To give you an idea of how long Doug Wilson has been involved in the NHL, his first roommate on the road was Stan Mikita. One of his first defense partners was Bobby Orr, his first goalie was Tony Esposito and his first coach was Bob Pulford. He was a first-round pick in the World Hockey Association. And in his first draft as the GM of the San Jose Sharks, he took Joe Pavelski in the seventh round.
It has been a long and winding road for Wilson, both as a coach and GM, something he’ll undoubtedly reflect upon Thursday night when his Sharks play at home against the Edmonton Oilers in a game that, for the first time in a decade, has playoff ramifications for both teams. It will be Wilson’s 1,000th game as GM, making him only the fourth person in NHL history to serve 1,000 games as both a player and a GM.
For those of you who don’t remember Wilson’s playing days, he was one heck of a player. When he won the Norris Trophy as the league’s top defenseman in 1981-82, he came within one of hitting the 40-goal mark and hit double figures in goals 13 times during his career. His older brother, Murray, was a worker bee for the Montreal Canadiens and won three Stanley Cups in the 1970s. The admiration Doug Wilson gained for the franchise is something he carries with him now. The Canadiens have always done things the right way, from drafting and developing players to celebrating their stars. Wilson has tried to replicate that philosophy as an executive with the Sharks.
“I’m really lucky to be doing something I love for as long as I have,” Wilson said. “I have a family that, when you think about it, 2,000 games is a lot of road trips, so they’ve supported me in doing what I love. So I think of that. But I also think of all the wonderful people I’ve had the chance to learn from or play with or work with or work for over the years.”

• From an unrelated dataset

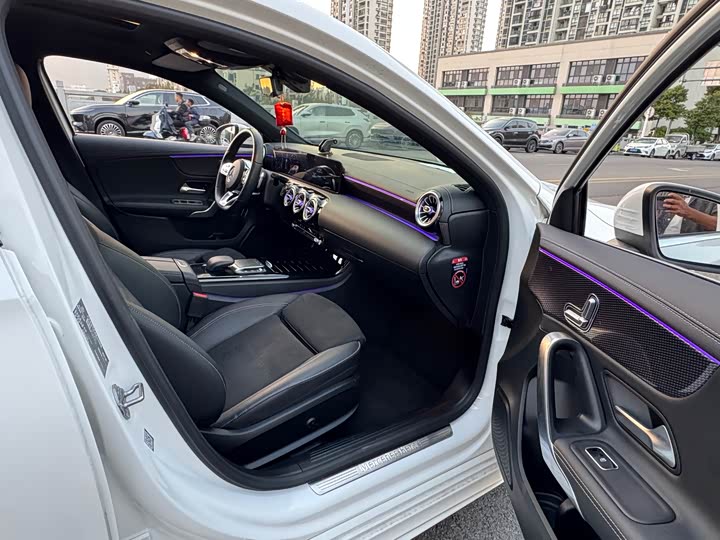 Фото 11 - Mercedes-Benz A-Class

Yes, Wilson feels fortunate. But as they say, you have to be good to be lucky and 1,000 games in both facets is an testament to enduring excellence in both. A lot of guys have played 1,000 games – 306 to be exact – and many of them have been stars and superstars. By the same token, there are a lot of longtime hockey executives, but only three of them before Wilson – Pulford, Bob Clarke and Bob Gainey – have been able to do both play and by a GM for 1,000. There is no real template to becoming a good executive. There have been star players over the years who have been terrible coaches and GMs. And there have been a lot of successful GMs over the years who have had no playing experience. When Jay Feaster led the Tampa Bay Lightning to the Stanley Cup in 2004, he could barely skate and had never played an actual game of hockey at any level.
“For me it’s just a love of the game,” Wilson said. “I love learning every day and I’ve always been curious about learning new things. And I think you can’t be afraid to make mistakes. As a GM, I make more mistakes than anybody in this business, whether it be contracts or trades, but you can’t be afraid to take a swing and you have to learn that mistakes are learning opportunities.”
Wilson is in a pretty good place these days. His Sharks enter Thursday's game holding down first place in the Pacific Division and have won six in a row. If Patrick Marleau has a big night, he could score his 500th career goal the same night Wilson celebrates his milestone. Joe Thornton is eight assists away from 1,000 and the Sharks are coming off their first appearance in the Stanley Cup final. All the while, Wilson has run things pretty well in San Jose, drafting and developing well and making franchise-changing deals for Thornton and Brent Burns. There have been stumbles along the way to be sure. There have been a number of playoff disappointments and Wilson had to fight for his job when the Sharks missed the playoffs in 2014-15, but he made the appropriate changes and got the Sharks to the final.
But he still hasn’t won the big prize. Pulford won four Cups as a player, Gainey won five as a player and one as a GM, and Clarke won two as a player. Wilson is in the Chicago Sports Hall of Fame for his Blackhawk days and his number has been retired by the Ottawa 67’s, but he’s never won the Cup as a player or GM. You’d think that’s what would drive Wilson at this stage of his career and it does, but more than that he wants to keep building something.
“It’s to build a successful organization to compete every year,” Wilson said. “I’m getting better as a GM every day, I hope."